主要施策説明書では「広域的なバス1路線あたりの平均乗車密度」は、計画目標値3.9に対し28年度実績は3.5である。原因をどう分析し、どう対策を講じる考えか、震災前の実績値4.0を目指すとしているが、達成見通しは如何に。

 まず、広域的なバス1路線あたりの平均乗車密度についてでありますが、平均乗車密度が低下している原因として、いわゆる「負のスパイラル」が加速していることが挙げられると考えている。本県のバス路線においては、利用者の減少が進み、路線収支悪化を招き、路線収支悪化が減便等の運行水準の低下につながり、サービス水準が下がることにより、更なる利用者の減少が続いているところ。
 この「負のスパイラル」を断ち切ることが、路線利用の向上を図る、一番の施策と考えており、広域的な幹線路線とそれに連なる地域内公共交通を一体的に捉え、需要に応じた適切な交通モードの導入や路線の効率化、生産性の向上などに総合的、戦略的に取組み、全県的な地域公共交通ネットワークの再構築を図ることが必要と認識。
 このことから、本年7月に、「地域公共交通活性化検討会議」を設置し、本県の交通ネットワークの再構築に向けた、取組方向などを議論いただいている。本年度中に、方向性のとりまとめをする予定であるが、検討会議では、利便性と効率性、生産性の高い本県交通ネットワークの再構築を通じ、「負のスパイラル」から「持続スパイラル」への転換を図ることを狙いとしており、検討結果を適切な対応につなげながら、利用の回復を確保していく。

(2) 路線バス再生に向けた取組みについて

 岩手県北自動車は、盛岡市と宮古市を結ぶ路線バスでヤマト運輸の貨物を運ぶ「ヒトものバス」を1往復運行。国は、9月から過疎地を抱える3万人未満の市町村を対象に乗り合いバス350kg未満としていた貨物の重量制限を撤廃した。貨物用トラックに旅客を載せることも可能になった。ライドシェアを含め、シェアリングエコノミーの取組みがヒントになる。県は、路線バスの再生に向け、地域住民の「最後の足」の確保に向け、どう取り組むのか伺う。

 路線バス再生等についてでありますが、「地域公共交通活性化検討会議」を本年7月に設置したところであるが、検討におけるキーワードの一つが「生産性の向上」である。
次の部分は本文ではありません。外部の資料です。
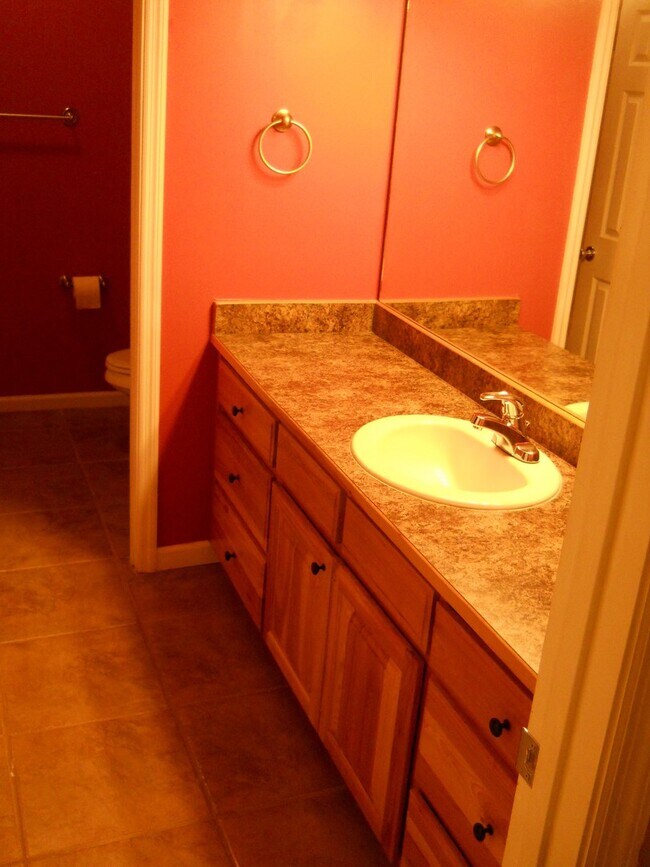 Building Photo - 3 Bedroom Home in Hahira!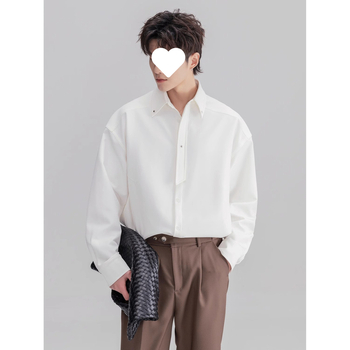 Muška košulja s dugačkim rukavima, opušten kroj, ovratnik tipa lapel, lagan i svakodnevni stil, proljeće 2025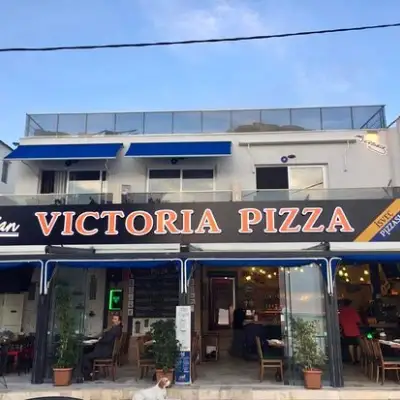Tan Victoria Pizza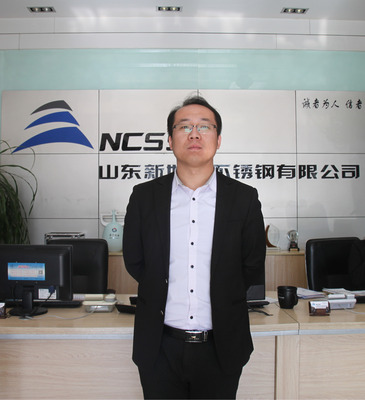 李坤 市场部经理 
手机  13906436162（微信同号）  
QQ  2727649089          
我最大的爱好就是帮客户省钱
具体的には、路線の効率化等により生み出された車両、運転士、資金等の交通資源を、必要な需要、路線に充てること、また、いわゆる貨客混載など、交通資源を幅広い用途に活用しながら収益性を高めることなど、「生産性を向上」させることにより、バス事業や路線の再生を図ることを、検討項目の一つとしている。
 限りある交通資源を、様々な需要、用途に応じて、有効活用していくことは、バス事業や路線の「生産性の向上」と地域経済の活性化、日常生活の利便性確保につながる取組と認識しており、検討会議などを通じて、議論、研究を深めていきたい。

(3) 負のスパイラルからの打開策について

 国庫補助路線のうち、平均乗車密度が5.0を下回っている路線には、盛岡周辺の都市部の路線も見受けられる。「負のスパイラル」という話があったが、取組によっては平均乗車密度がもっと伸びる可能性があるのではないかと考える。所感を伺う。 

 平均乗車密度が下がっている路線が過疎地だけではなく、都市部にも広がっている点について、平均乗車密度を上げていくことについては、「地域公共交通活性化検討会議」にて、「負のスパイラル」をどう打ち破っていくのか、あるいは一つのキーワードとして「生産性を上げる」ために、どう取り組んでいくのか、議論を進めているところ。
 非効率となっている長距離路線(平均乗車密度が2を切るような、乗合要件を満たさない路線)については、大型の路線バスではなく、デマンド交通など適切な交通モードを入れることにより、全体の効率が上がるといった内容も「地域公共交通活性検討会議」にて議論しており、「生産性の向上」というキーワードを切り口に対応していきたい。